Por Octavio Caruso
Michael Keaton sempre foi um grande ator, algo que muitos passaram a perceber apenas com o sucesso de “Birdman”. Ele é popularmente reconhecido por filmes onde explorou extremos de interpretação, como o histriônico “Beetlejuice”, porém, com “Minha Vida”, que ainda considero seu melhor desempenho, ele teve a chance de utilizar os elementos de seu início como comediante stand-up, inserido em uma trama cruelmente realista, vivendo um workaholic que descobre, num curto espaço de tempo, que irá ser pai e que está morrendo de câncer nos rins. A abordagem do diretor/roteirista Bruce Joel Rubin, que escreveu “Ghost – Do Outro Lado da Vida”, encanta pela forma felliniana com que ele constrói o leitmotiv da necessidade de aprender a perdoar.
O protagonista é mostrado no início como uma criança altamente criativa, contagiando seus colegas de escola, que, aceitando um convite do menino, aparecem na frente da casa dele, esperando a apresentação de um grupo circense. A fantasia do garoto seria a materialização de um pedido feito a uma estrela, na noite anterior. Os pais dele, exatas réplicas do tipo de pessoa que ele viria a se tornar profissionalmente, recebem com frieza aquele evento, envergonhados pela atitude do filho, acabam optando pela punição, o castigo que irá bloquear o lúdico da criança.

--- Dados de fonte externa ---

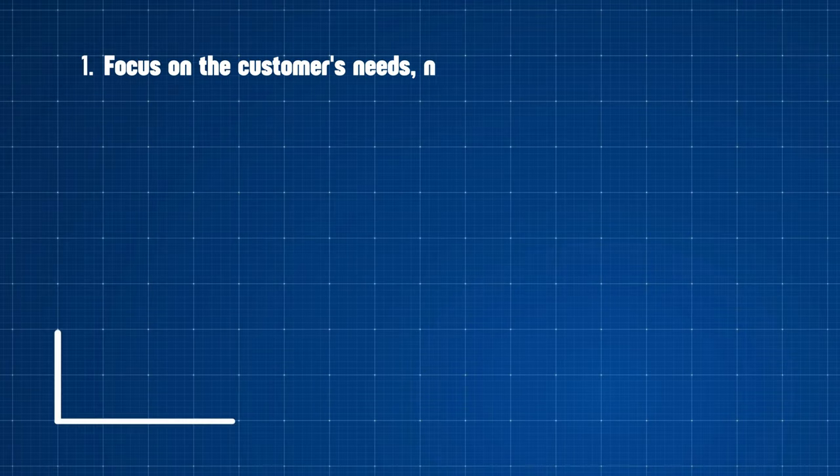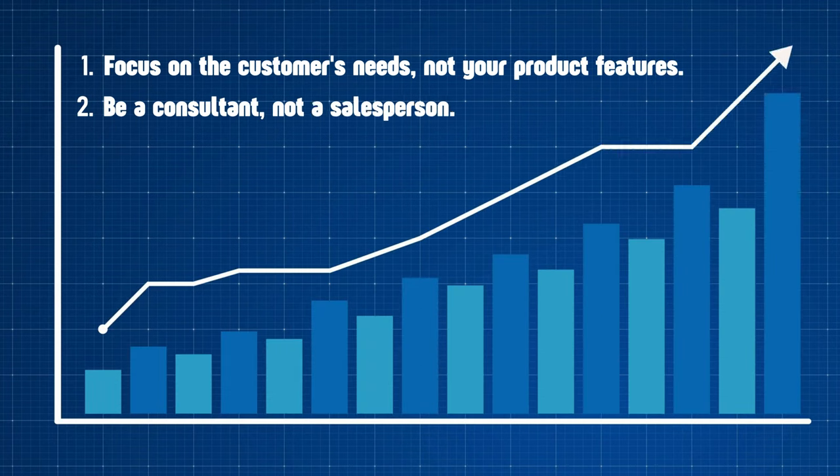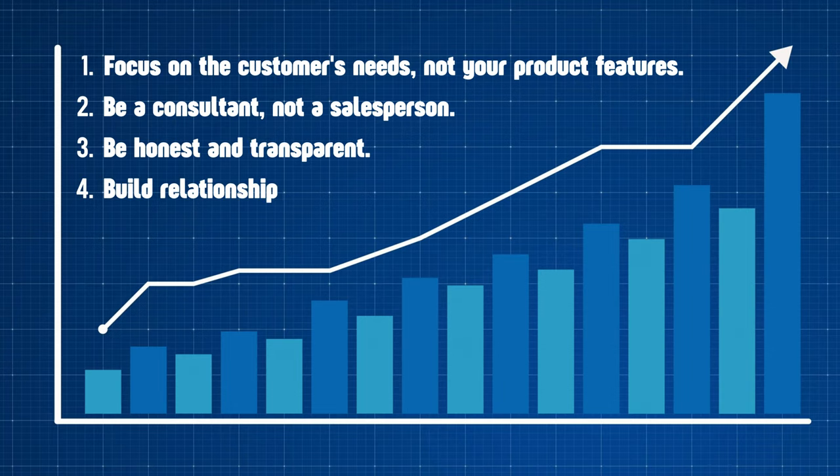To succeed in solution selling, here are a few key tips. First, focus on the customer's needs, not your product features. Second, be a consultant, not a salesperson. Third, be honest and transparent. Fourth, build relationships.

Já adulto, ele adota uma postura cínica e debochada, projetando suas frustrações existenciais em uma ambição exagerada pela realização profissional. Ele nunca perdoou os pais, simplesmente se afastou, numa tentativa de reestruturar sua psique, com o auxílio da terna esposa, vivida pela bela Nicole Kidman. É interessante a forma como o roteiro evidencia a importância da jovem, quando, em uma reunião familiar, os pais dele demonstram mais alegria ao vê-la. Aquela que sempre foi o maior elo entre as famílias, que, por trás dos panos, sempre tentou resgatar a pureza do menino de outrora, mantendo os pais dele informados sobre tudo. A resistência doce, no difícil convívio com um homem que havia se tornado a antítese de tudo que desejava ser. O câncer acaba sendo o instrumento que ressuscita o caráter original, o adulto que o menino sonhava ser.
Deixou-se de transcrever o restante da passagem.